What began as a fantastic year, where I was eager, full of excitement and ambitious, quickly took a turn for the worse. I had begun the first year sprinting, diving into extracurriculars, exploring volunteering opportunities and even going to lectures beyond my scope of understanding. You can call it the naiveté of youth or just simply stupidity. Either way I was having a great time. I stayed relatively on top of my work load and followed through with assignments towards midterms. Then midterms arrived.
Midterms came and went. I frantically tried to salvage some dropping marks and then I crashed. Not figuratively, I literally crashed into another vehicle. So there I was having to deal with an accident, the unforeseen consequences of insurance and my faltering studies. I was beginning to sink deeper into the ocean of burdens and a weight was strapped onto my feet.

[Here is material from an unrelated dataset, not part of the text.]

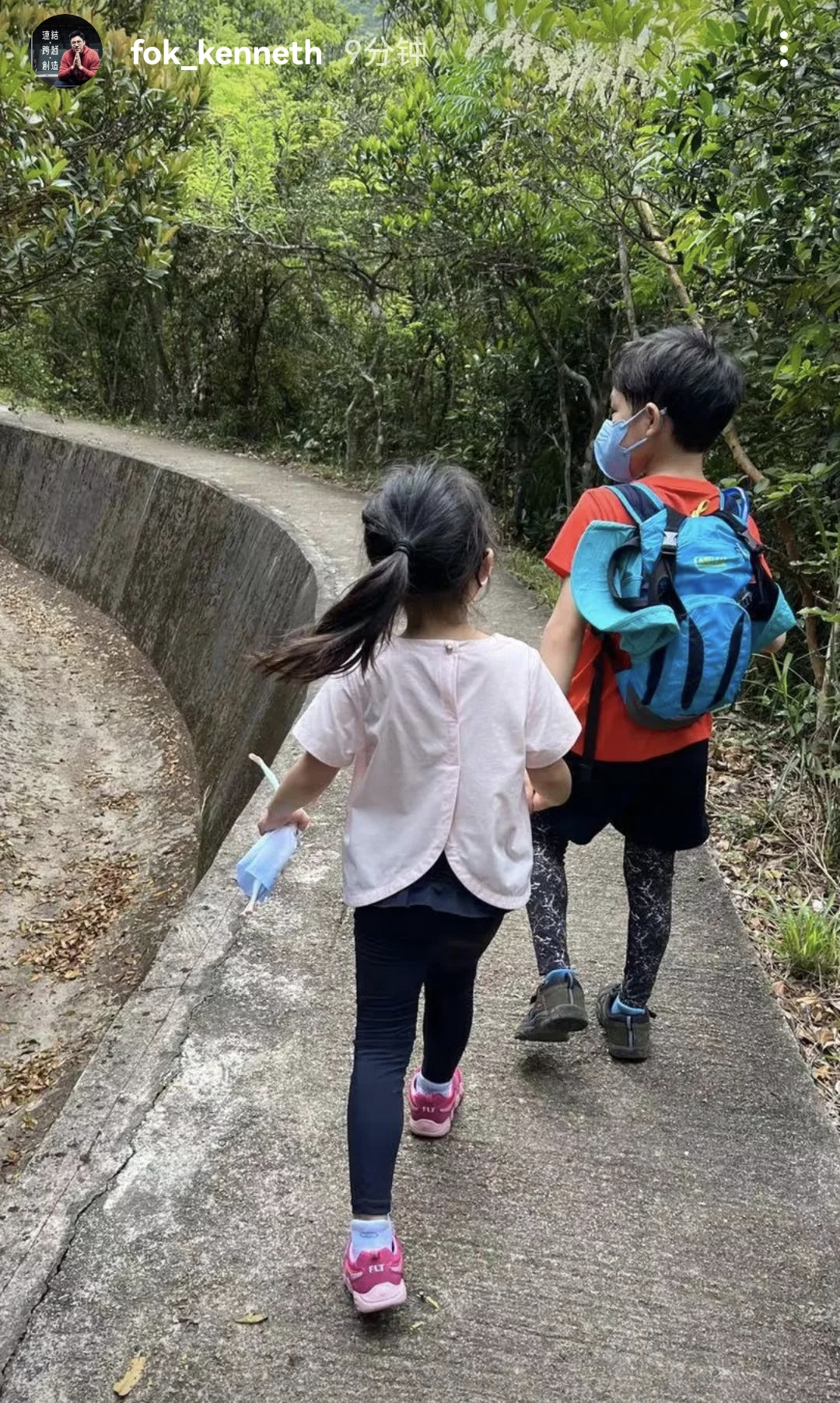 刘亦菲|霍启刚周末带娃爬山，霍中曦牵手两个妹妹登高望远，相亲相爱超暖心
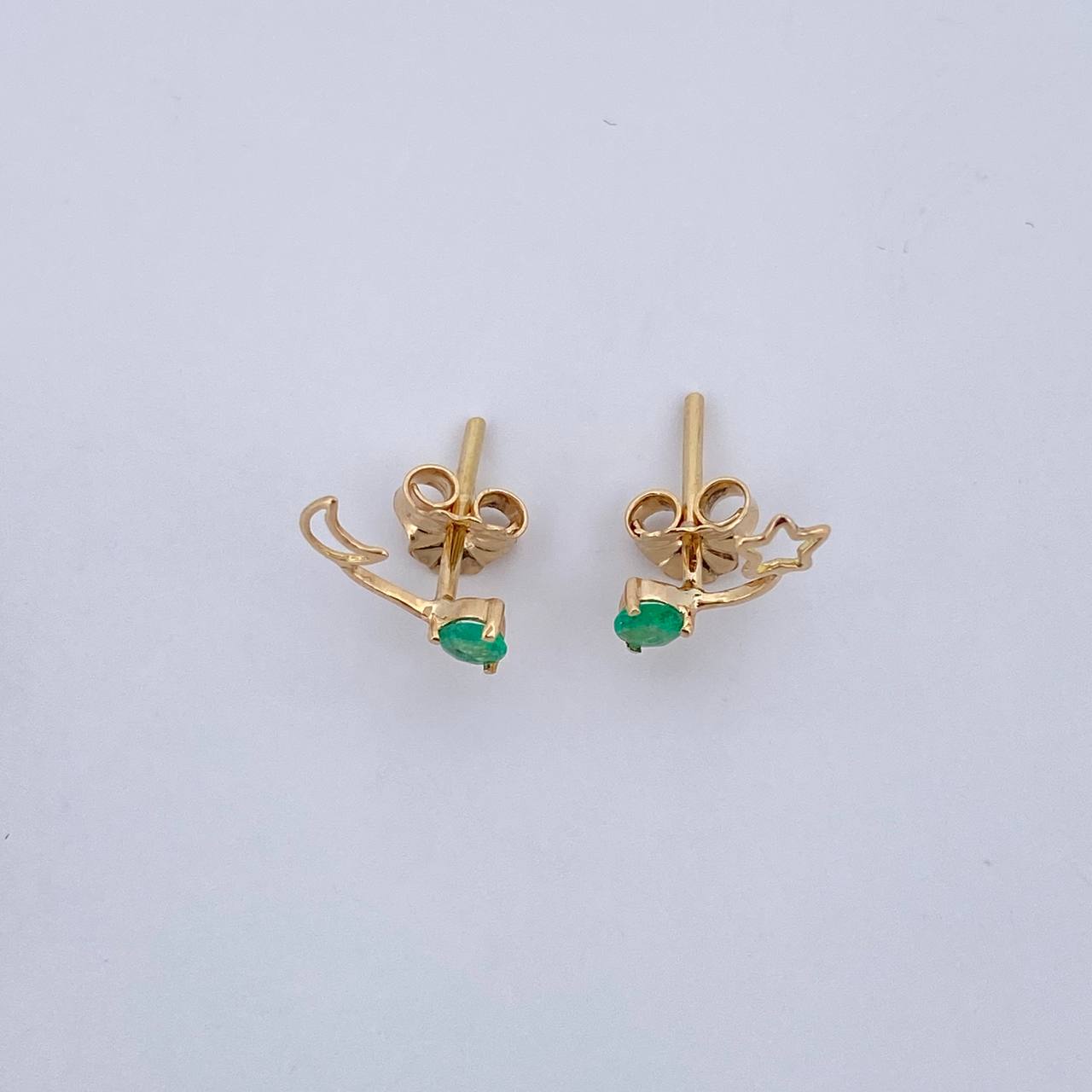 Topos Luna Y Estrella 0.85gr / Esmeralda 21 Pts Oro Amarillo 18K (Joya) & Topos Luna Y Estrella 0.85gr / Esmeralda 21 Pts Oro Amarillo 18K (Joya) &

If this were a movie, I would have had a cinematic montage of recovery. Unfortunately each day went by as slowly as the rest and I kept sinking. Luckily, instead of just reacting, I acted of my own accord. Immediately after I crashed, I had warned my undergraduate advisor that this would greatly affect my studies. His concern and helpfulness guided me to a brighter ending of this story.
I went from advisor to advisor, explaining my situation, weighing my options, and dropping a few classes. Coupled with an accident, family and relationship struggles served to knock the final nails into my coffin. I was lowered into a six foot hole with a thud and I thought I was done for. I was going to be a dropout; somebody who tried and failed. I thought my world was ending and I envisioned a cynical old man who always talked about who he could have been.
Then, I was offered a way out: withdraw from your course load and begin anew. I was on track to fail a majority of my classes, so I jumped at the offer. My advisor walked me through the process, explained the required paperwork and even personally vouched for me.
My first request was denied; I required proof. I found myself in the registrar’s office gripping course override forms and an accident report. Shortly after, I received an email saying my withdrawal was completed successfully. I was out.
I would remain a student in the records and would have to apply for re-admission come July. Things finally began to relax for me and the weight was shedding. Unfortunately, I was going to miss a year, but I wasn’t too upset. Many people do not begin post-secondary education until they’re 19 and the experience has made me more realistic about my goals.
I took the time off to reorganize myself, work full time, and fix my car. The point is there’s always a second chance if you search for one. If I had remained silent about my situation and had not reached out to the many resources available at the University, I might not have had the opportunity to return.
I look forward to being back, to meet new faces and to offer a perspective for those who are in the same situation. If you’re a first year, you’re most likely feeling a combination of anxiety and hope; hope that you will succeed and the anxiety of possible failure of not meeting your expectations. Life will be hard on you, university will be hard on you, and people might be hard on you, but you don’t have to be hard on yourself. I sincerely hope that every incoming student enjoys their time here this year and if there’s one thing left to say it’s: do not be afraid.